The biotech company has been on a unicorn hunt. This place is home to a stool bank – and it’s a place where designer poo transplants are made.

BiomeBank’s Scott Costello (left) and Thomas Mitchell.
BiomeBank’s Scott Costello (left) and Thomas Mitchell. Photograph: Andrew Beveridge/BiomeBank

There’s a special donor room (a glorified toilet) where poo donations are received. There’s a lab with an anaerobic work station, where donors’ bacteria strains are put into a “secret sauce” to grow and then isolate strains. Those strains are categorised and catalogued for future use.

BiomeBank’s head of donor screening, Dr Emily Tucker, says there’s a long list of requirements for a stool donor. They have to be healthy, obviously. They have to be screened for infections. A detailed history of their medical, travel and antibiotic history is taken.

Those who make it through all the assessments are enrolled for an eight-week program where they have to turn up on time, fill out a questionnaire, then (ahem) make a deposit inside a special room.

So what happens if there aren’t enough unicorns? That question inspired BiomeBank’s latest endeavour – to replicate the contents of a unicorn’s guts.

The poo factory

People are building libraries of the very best that poo has to offer, and BiomeBank is part of the effort to categorise premium stool strains.

Costello, a gastroenterologist, says that humans historically had much more diverse microbiota. We lived more closely with other people and with animals, and we ate more unprocessed food.

There’s evidence, he says, that this depletion is evident across society – particularly western society.

A stool transfer syringe at BiomeBank.
The right stool for the job: a stool transfer syringe at BiomeBank. Photograph: Andrew Beveridge/BiomeBank

He describes a “microbial extinction event” in the modern world. As on Earth, so it is in our intestinal system – we’re living with the consequences of a hollowed-out ecosystem.

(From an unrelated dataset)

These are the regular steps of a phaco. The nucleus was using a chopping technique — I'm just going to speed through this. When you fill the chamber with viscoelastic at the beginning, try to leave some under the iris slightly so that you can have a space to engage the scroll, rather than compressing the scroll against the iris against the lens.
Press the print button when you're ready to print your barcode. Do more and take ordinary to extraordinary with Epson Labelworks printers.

Mitchell explains that in BiomeBank’s first generation of microbial therapy they extracted the right bacteria, freeze dried it and put it in a capsule.

Patients can take it orally to treat specific infections. This generation has already been rolled out in hospitals, and, if approved by the Therapeutic Goods Administration, it will be the first microbial therapy in the world approved as a biologic (it currently has provisional approval).

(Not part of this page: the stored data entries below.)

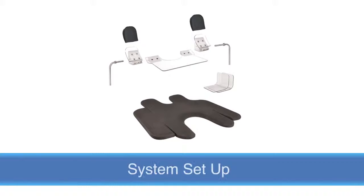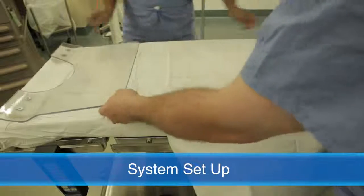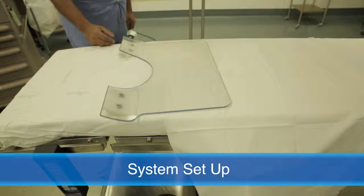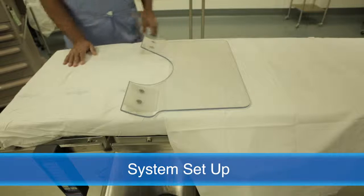Setting up the system: Place the TPS foundation onto the surgical table with the wedges toward the top of the table. Please note that a draw sheet can be used on the SecureFit TPS under the foundation, as shown here.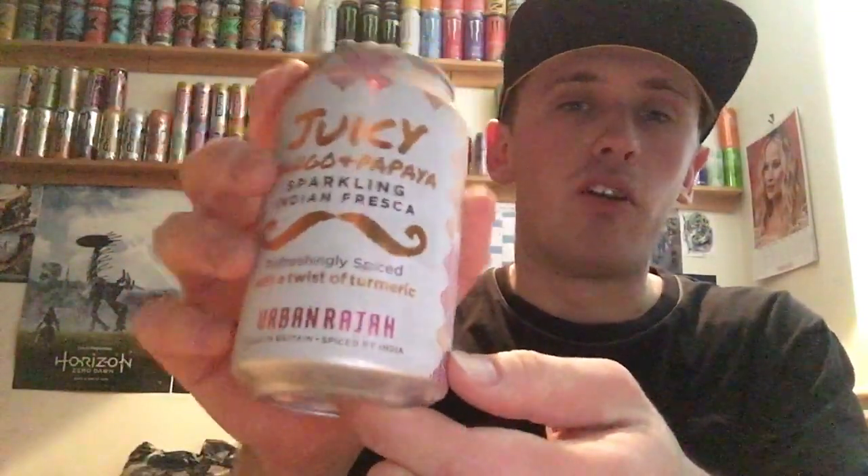I got this particular can out of Pound Stretcher and it cost me 29p, and yes, it's still in date before you ask. It goes out of date in April 2020 and I'm recording this in February 2020, so we're all Gucci. And before I start, I've also reviewed the Fiery Ginger one and the Lime Cucumber — both of these will be in the description below.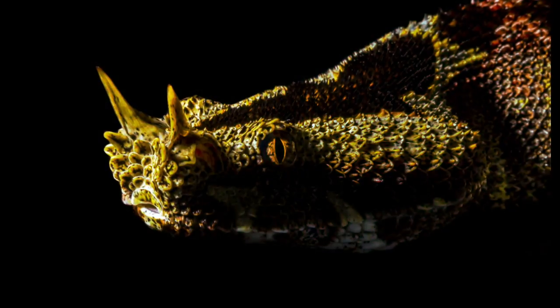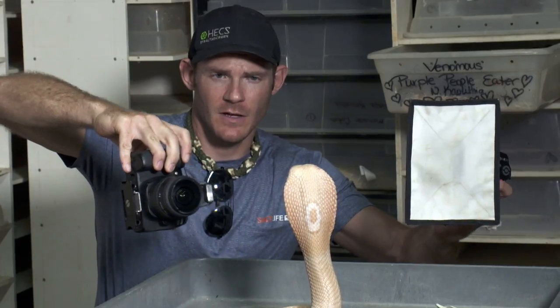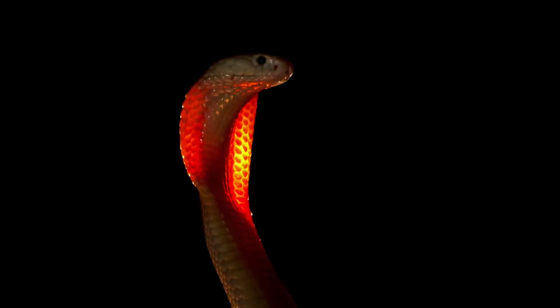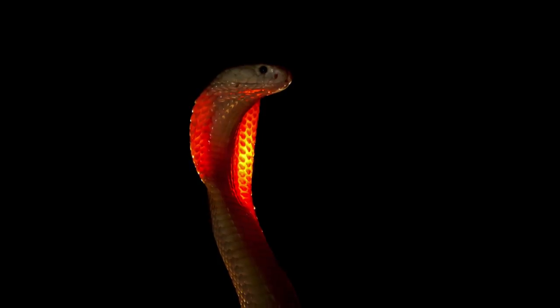Photographing venomous snakes takes a lot of knowledge of their behavior and how to work with them. And a lot of people want to do it. I just try to tell people, you really need to work extensively with non-venomous snakes to where you can work with and handle a non-venomous aggressive species without ever getting touched, before you should even consider working with venomous snakes.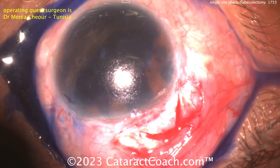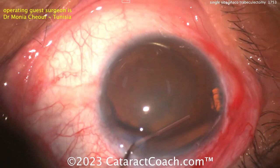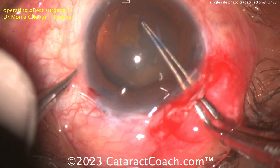Now going to do the cataract. Trypan blue dye — probably always a good idea, dilute that down. You can see a little bit of synechiae there, so viscoelastic going inside — you can probably break the synechiae as well at this time. You can see prior peripheral iridotomies being illuminated there. Entering in that exact same path with the keratome, and now getting the capsulorhexis done.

Then there’s the second generation – a replication. Think of the unicorns as Adam and Eve types, but their genomic sequences can be reproduced. You can grow them. Isolate them. Identify them, name them, put them in a library, and gradually build up knowledge about what each strand can do.

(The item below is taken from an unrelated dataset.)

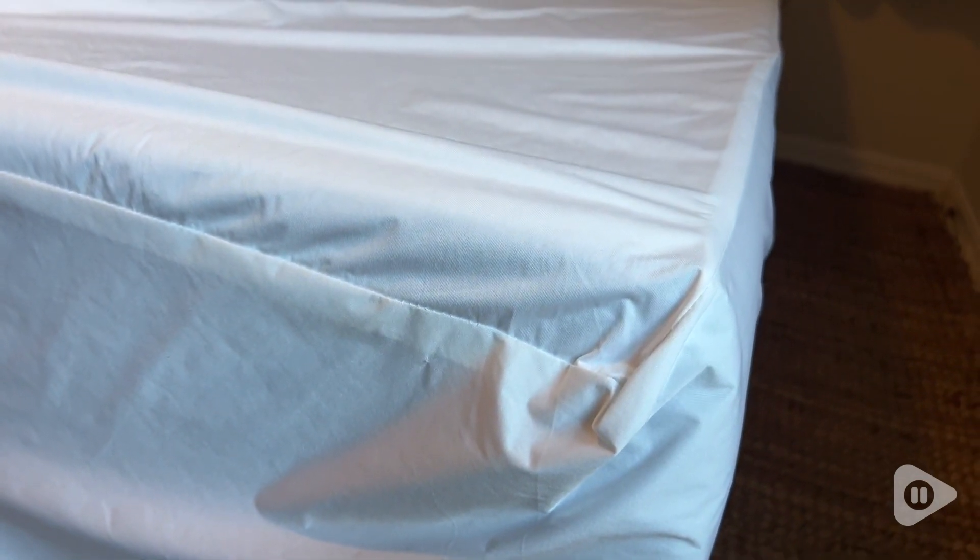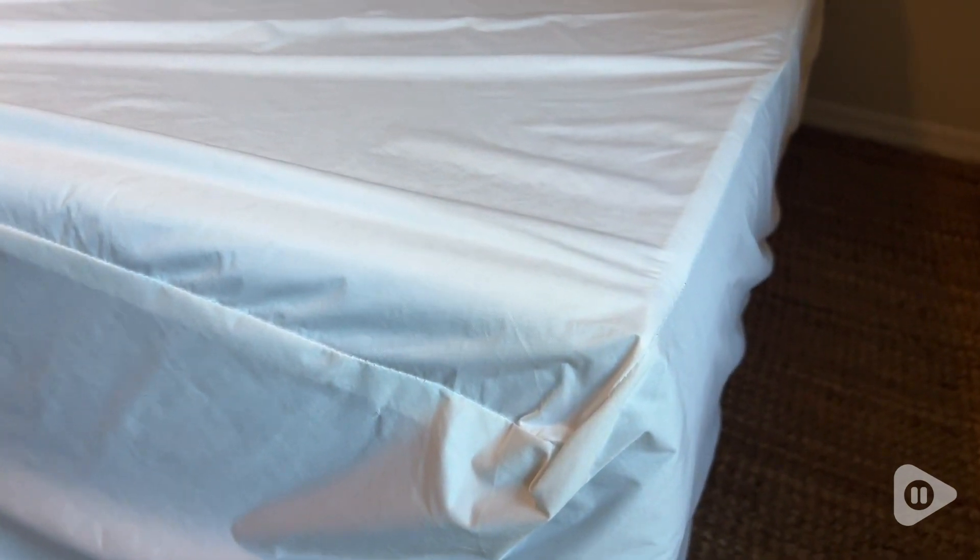This mattress protector covers both the top and the bottom of the mattress. It has a zipper enclosure, so the mattress goes inside of the entire mattress protector like an envelope. I love that it's completely enclosed inside.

And when you hit a vein of gold – a bacterial strain that sorts out a deficiency in someone’s microbiota – you scale it. Then you put it that bespoke bacterial recipe in a capsule that someone else swallows. “It’s a new way to treat disease,” Mitchell says. “It’s a little factory.”

Why is the microbiome so important?

From the moment we’re born, and throughout our lives, our microbiota are shaped by our environmental and dietary inputs.